In most cases, the first method should be enough to get Search100 running however it is recommended to use manual installation mode for advanced use cases (e.g. development) or if precompiled files do not work for any reason.

Download the SFML library for your respective operating system from the following link:

64-bit: ⬇️ Download SFML 2.6.2 - GCC MinGW (SEH) 13.1.0

32-bit: ⬇️ Download SFML 2.6.2 - GCC MinGW (DW2) 13.1.0

Clone this repository either by downloading the files directly from GitHub or using Git:

$ git clone https://github.com/izxxr/search100

Extract the downloaded SFML-2.6.2-windows-gcc-13.1.0-mingw-xx-bit.zip file and from the extracted directory:

  1. Copy SFML-2.6.2/lib directory to cloned search100 directory.
  2. Copy content of SFML-2.6.2/include/SFML to search100/include directory.
  3. Copy DLL files from SFML-2.6.2/bin to search100 directory.

With this done, open terminal in cloned search100 directory and compile Search100:

$ mingw32-make -f Makefile

Run the produced search100.exe file to use Search100.

Preparing Corpus Directory

In order to start searching, the files that are to be searched first need to be added to the corpus directory of Search100. The corpus directory is located in the folder where search100.exe is located.

If you cannot find the corpus directory, click on "Corpus Directory" button on the home page of Search100 and the directory will be opened.

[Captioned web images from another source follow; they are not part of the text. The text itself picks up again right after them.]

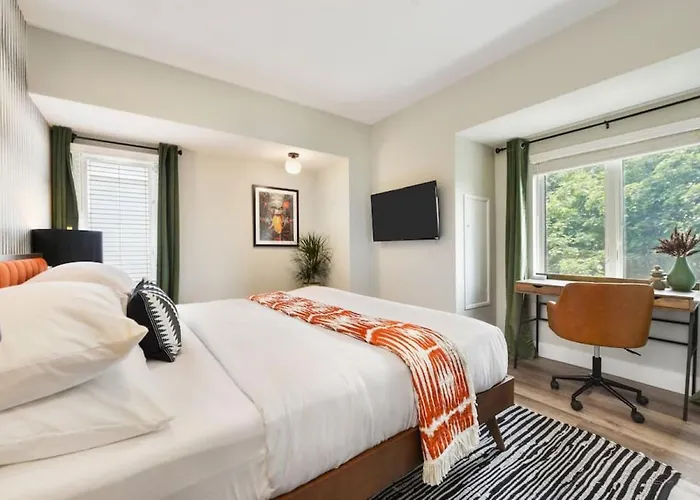 Hostwise - Grandview Penthouse - Sweeping Views, High End Living Apartment *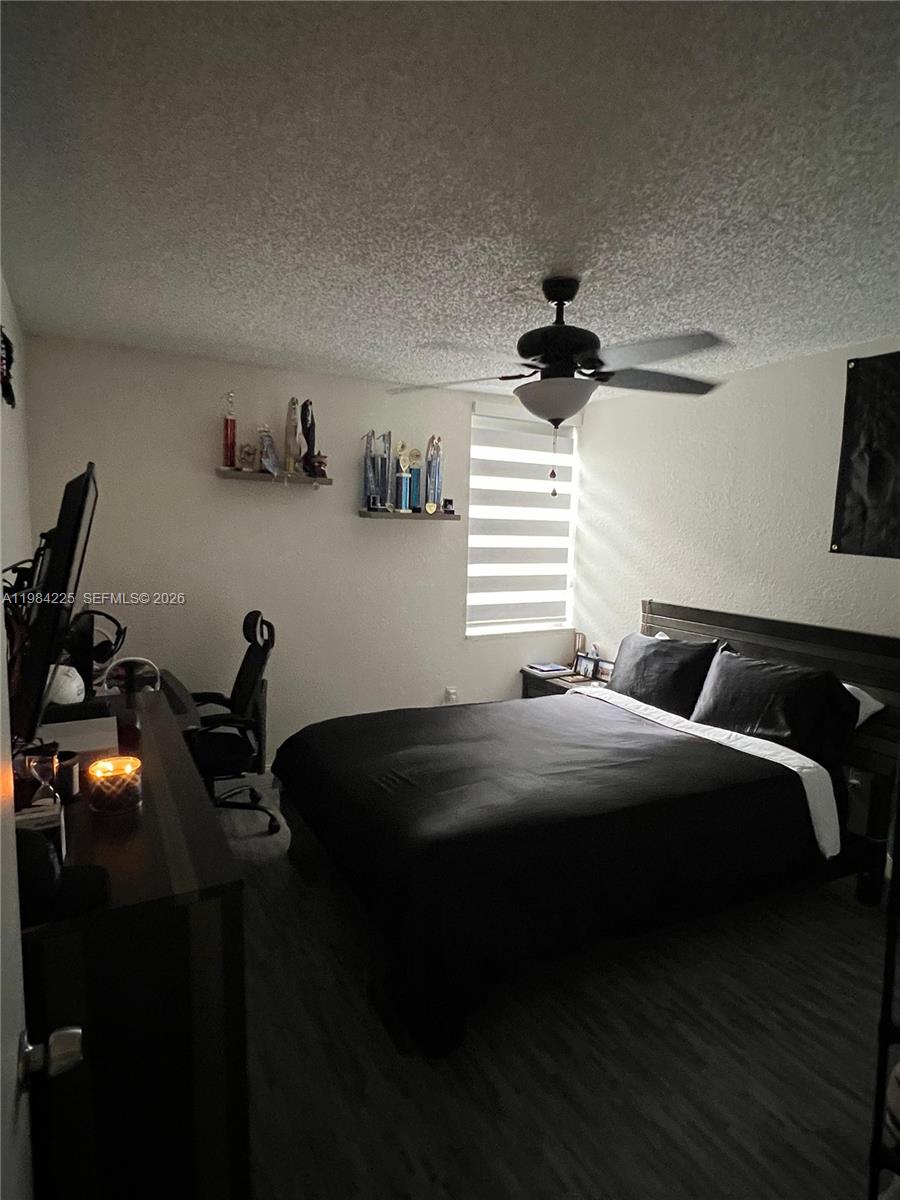 LOS ARBOLES CONDO - Residential
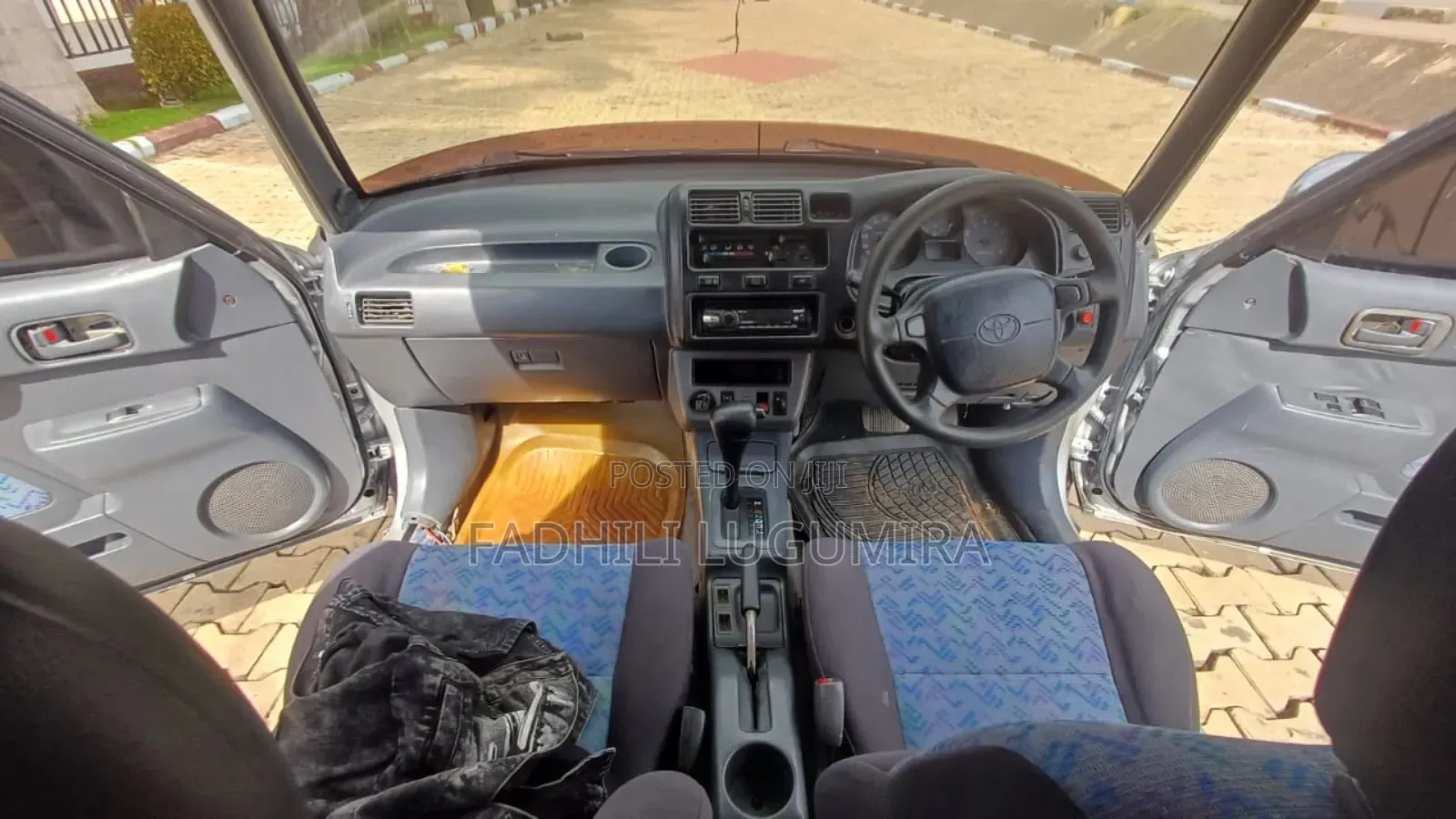 Toyota RAV4 Automatic 2000 Beige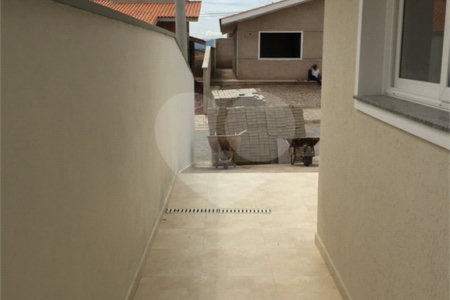 Casa à venda com 3 quartos, sendo 1 suíte,  no condomínio Marf Iii- Fase III, Bom Jesus dos Perdões - SP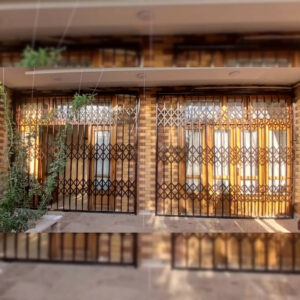 ساخت درب آکاردئونی اصفهان ⚜️ نصب حفاظ و نرده دیواری در اصفهان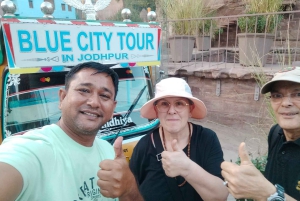 Tuk Tuk -kaupunkikierros Ramesh Jodhpurin kanssa.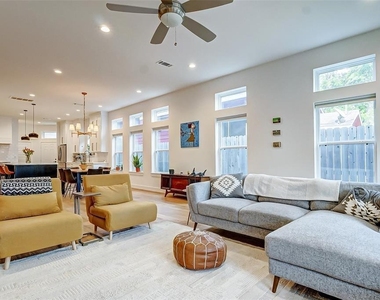306 E 28th Street - Photo Thumbnail 16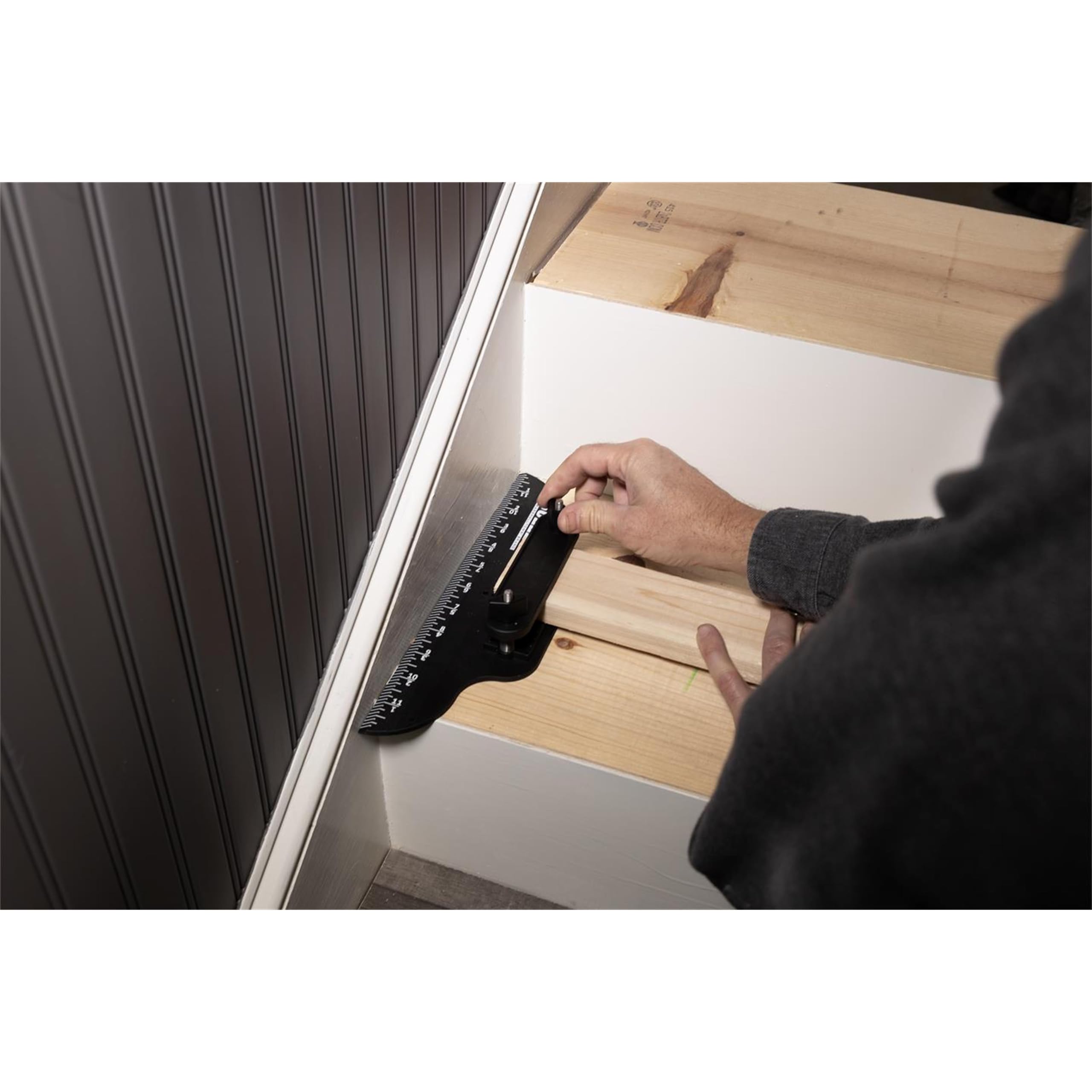 MARSHALLTOWN STT knob and crossmember provide strong clamping during layout.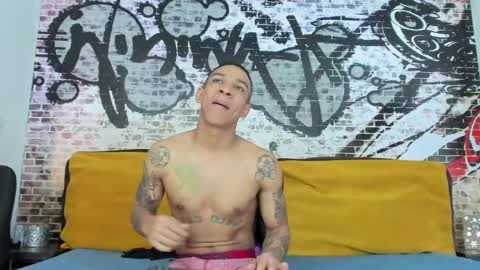 Miley hurtado online show from 28, 1, 2025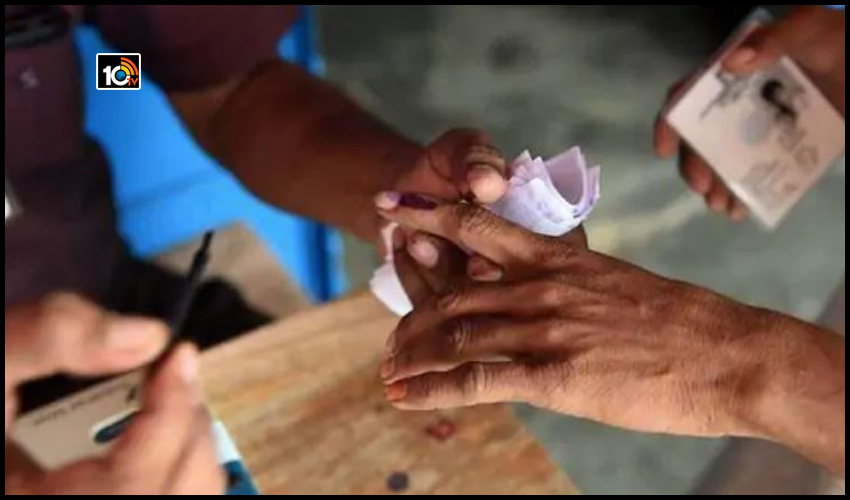 వామ్మో.. బీహార్ ఓటర్ల లిస్టులో వింతలు విచిత్రాలు : ఎక్కడా జరిగుండవేమో..!! వామ్మో.. బీహార్ ఓటర్ల లిస్టులో వింతలు విచిత్రాలు : ఎక్కడా జరిగుండవేమో..!!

⚠️ Due to certain platform constraints, "Corpus Directory" button is only supported on Windows and may not work properly on other operating systems.

Copy the text files to be searched into the corpus directory. Note that only .txt files are supported for searching. Run search100.exe and click "Reindex Documents" to ensure that documents are indexed.

Once the status bar shows "Ready" status, the searching can be performed. If you modify the corpus documents, indexing has to be performed again. Use the "Reindex Documents" button to index documents again.

Searching Strategies

There are two searching strategies available in Search100:

  1. AND based search
  2. OR based search

AND based search returns only those documents that has all of the terms from the search query. OR on the other hand, returns documents that has any of the terms from the query.

Searching strategy can be changed using the toggle button on the home screen.